J&J Medical Devices

J&J Medical Devices Companies is a platform designed to support and connect with all of J&J’s medical device franchises and their users. It is to combine all individual brand websites into one cohesive system. The project consists of three teams the Platform, Health Care Professionals, and a Patients team to support specified content and user's needs.

As a lead designer on the project, I had the opportunity to work on the HCP team and the platform team. I focused on system development of the user experience for our front-end and back-end users, future enhanced capabilities, and individually highlighting the identity of a brand and its needs within one holistic system.

Role UX/ Interaction Design Lead
Studio Johnson & Johnson
Field Digital
Launched 2019

Process

Teams work within an agile system of two-week sprints, to prioritize and achieve oriented tasks for teams and collaborative goals and solutions.

To help organize and support teams in documenting and communicating the stage a task, we use Jira and Confluence. To track each phase in identifying and analyze concepts, identify problems, create future enhancements, or in development.

DELIVERABLES

  • UX Research

  • UX Design + Audits

  • Competitive Analysis

  • User Flows

  • Wireframes

  • Content Strategy

  • Design System

  • Prototypes

  • UI Design

  • Design QA

Identify and Analyze Concepts, Problems and Enhancements

Determining what design task to prioritize within each sprint is dependent on what requirements for a new feature or enhancements is most important to have on our platform. By analyzing each franchise's needs, the design and user experience would be determined by the best solution that's most beneficial for the user and supports content needs to pass SEO requirements.

I would create prototypes to test my investigation and receive feedback from our users. Also, provide visual context for franchises and the development team regarding how the user experience would interact with a new feature. Along with examples of different sites for teams and franchises visually understand similar concepts and trends of interactions and relatable user experiences that could be adapted to our platform.

Building out the UI Kit

I was also responsible for was to build out the design system in a documented UI Kit that supports our style guide, component libraries, and page templates that will work for the various content need for each business unit and users coming to the site.
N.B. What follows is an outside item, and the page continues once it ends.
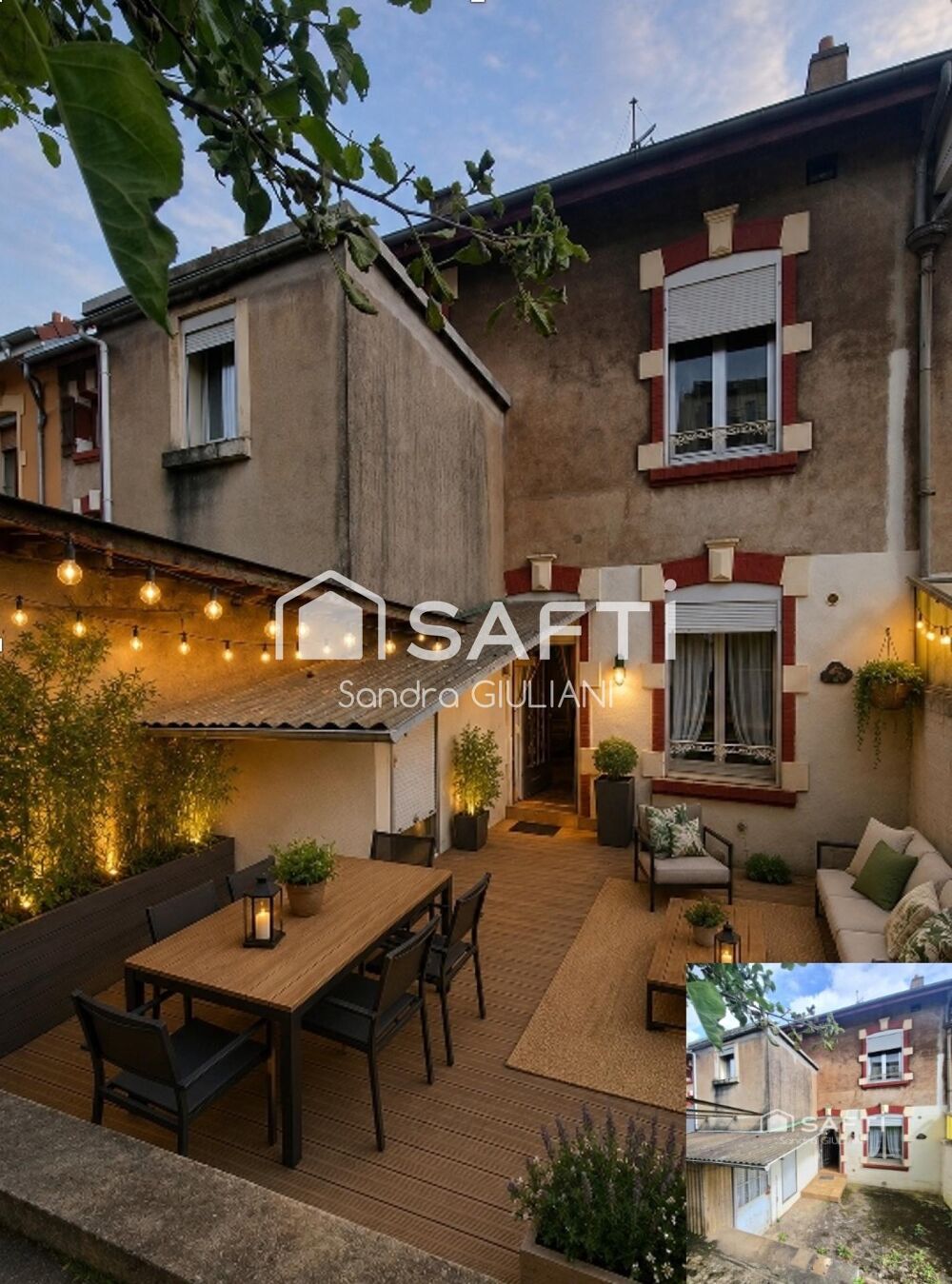 Vente Maison Maison 115m2 avec 4 chambres, terrasse, jardin et garage aux portes des frontières ! Longwy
Along with the UI Kit, I also would work through the user experience needs based on specific country and business level requirements on how various audiences would understand how to interact, explore content, and engage with a site.

Key Design Principles

  • Follow brand guidelines for visual design

  • Extend brand guidelines for digital design

  • Strong usage of typography and images

  • Employ layout and responsive design

  • Consistency with UI elements: Atoms: Molecules, and Components

For the UI Kit we created a standard visual design for each element to follow J&J Brand guidelines, but to be flexible to for other franchises to customize elements with their own brand colors, and element styles.

Typography

The typographic scale is a harmonious scale that allows an ordered set of character sizes linked to each other by a common ratio. It makes the user to understand the hierarchy of the page and the type sizes have the flexibility change scale between break points, then to have to define type sizes for each screen sizes.

Components

Components library are a variety set of blocks created using elements and patterns within our design system. The components are to support the flexibility to build page layouts and be a unified system for the different content from our franchises.

Navigation

The global navigation menu functions as a masthead for J&J digital sites. The red logo against the white background ties our sites together visually, while the links helps the user understand the content of the site. There should be indicators for the user to let them know where they navigated to.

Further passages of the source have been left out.